Maybe the title or description of the issue weren't too clear, but if you look at the discussion linked above (#8235 and this comment) you could get more context 😃

Proposed approach

Selection of the alternative

From what I've seen, in YOLOv5, the output of model.predict(...) was an object of type Detections, while in YOLOv8 it's a simple PyTorch Tensor (torch.Tensor). Correct me if I'm wrong.

In the end I was wrong indeed. The output in YOLOv8 is actually a custom object (like YOLOv5's Detections) called Results, so I would opt for the Alternative 2.

Since the output is actually a custom object (Results), I would add methods there.

Current situation:

What I would do

I would create a method Results.pandas, which elaborates the data into boxes and returns a pandas Dataframe where:

Once we have this dataframe, we could use pandas' to_json() method to get the results in json format, directly returnable by out API 😄

Check the above code snipped in this message (What this feature request aims for) for a contextualized example.

This way, we can have the output in a dataframe format, which might be useful for various use-cases, and if we need the outoput in json (e.g., in the super common use-case where the model is deployed and accessed through an API), we can pass by the .pandas() method and then use pandas' to_json() method without the need to implement something more.

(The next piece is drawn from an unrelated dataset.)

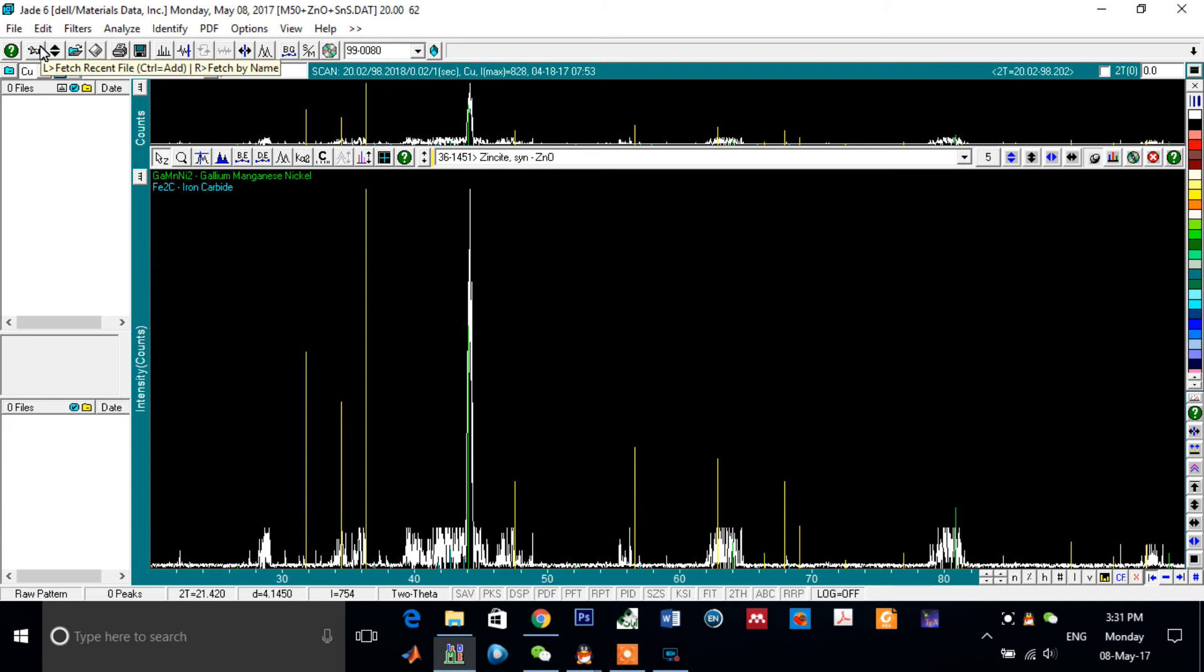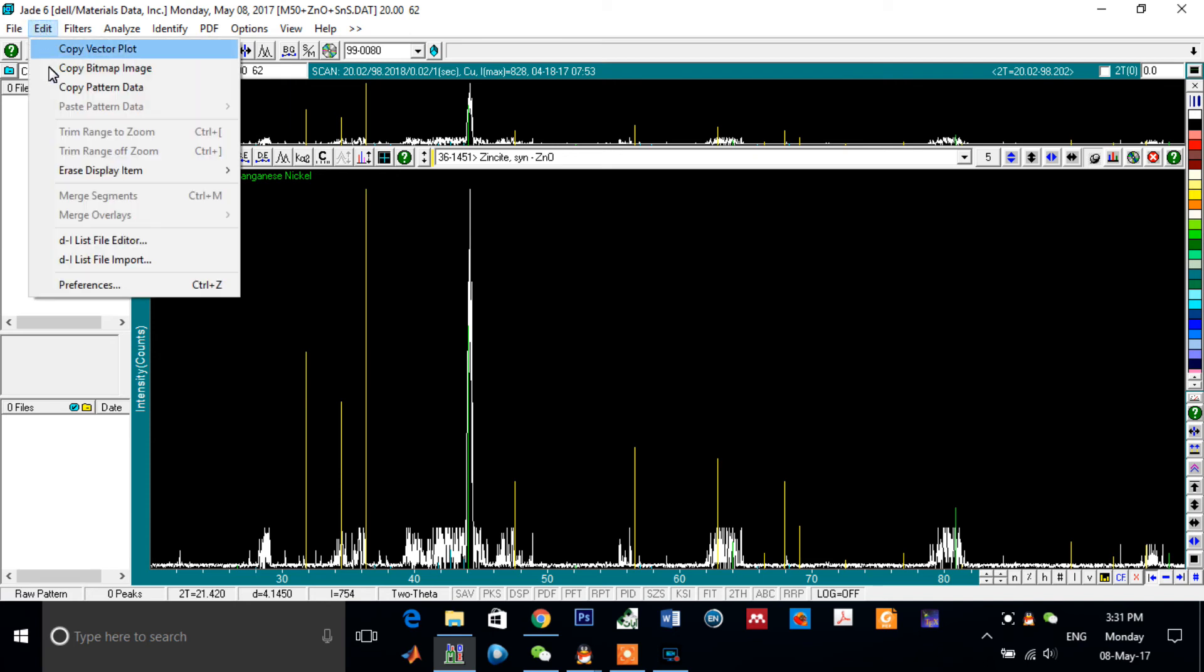Click on Edit and copy the pattern data.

Or something like that... @glenn-jocher let me know what you think 😄

glenn-jocher commented 2 weeks ago

Hi @AlexPasqua-G,

Thank you for your input! The feature request aims to streamline the process of converting detection results into a JSON format, which is particularly useful when deploying models via APIs, such as with FastAPI.

Current Workflow

Currently, extracting and formatting the detection results involves several manual steps, as shown in the provided example. This process can be cumbersome, especially when frequently deploying models in production environments.

Proposed Enhancement

The goal is to simplify this workflow by introducing a method that directly converts the detection results into a pandas DataFrame, which can then be easily converted to JSON. This would reduce the amount of boilerplate code and make the deployment process more efficient.

Implementation Plan

Given that the output in YOLOv8 is a custom Results object, we can add a method to this class to facilitate the conversion. Here's a concise plan:

  1. Add a pandas Method to Results Class:

    • This method will convert the detection results into a pandas DataFrame.
    • It will accept an argument to specify the format of the bounding box coordinates (e.g., xyxy, xywh, etc.).
  2. Usage Example:

    import cv2
    import numpy as np
    from ultralytics import YOLO
    from fastapi import FastAPI, File, UploadFile
    
    app = FastAPI()
    model = YOLO('yolov8n.pt')  # Load model at startup
    
    @app.post("/detect")
    async def detect(file: UploadFile):
       # Process the uploaded image for object detection
       image_bytes = await file.read()
       image = np.frombuffer(image_bytes, dtype=np.uint8)
       image = cv2.imdecode(image, cv2.IMREAD_COLOR)
    
       # Perform object detection with YOLOv8
       results = model.predict(image)
    
       # Extract bounding box data as a pandas DataFrame and convert to JSON
       json_output = results.pandas('xyxy').to_json()
    
       return json_output

Benefits

This enhancement will make it more convenient for users to deploy YOLOv8 models in real-world applications, particularly those involving APIs. If you have any further suggestions or feedback, please let us know! 😊

AlexPasqua commented 2 weeks ago

Alright @glenn-jocher, then I'll proceed to open a PR about it 🚀

glenn-jocher commented 2 weeks ago

Hi @AlexPasqua,

That sounds fantastic! 🚀 We're excited to see your contribution. When you're ready, please go ahead and submit the PR. If you need any assistance or have further questions during the process, feel free to reach out here. Your efforts to enhance the usability of YOLOv8 are greatly appreciated by the community and the Ultralytics team. Thank you! 😊

Best of luck with the PR, and we're looking forward to reviewing it!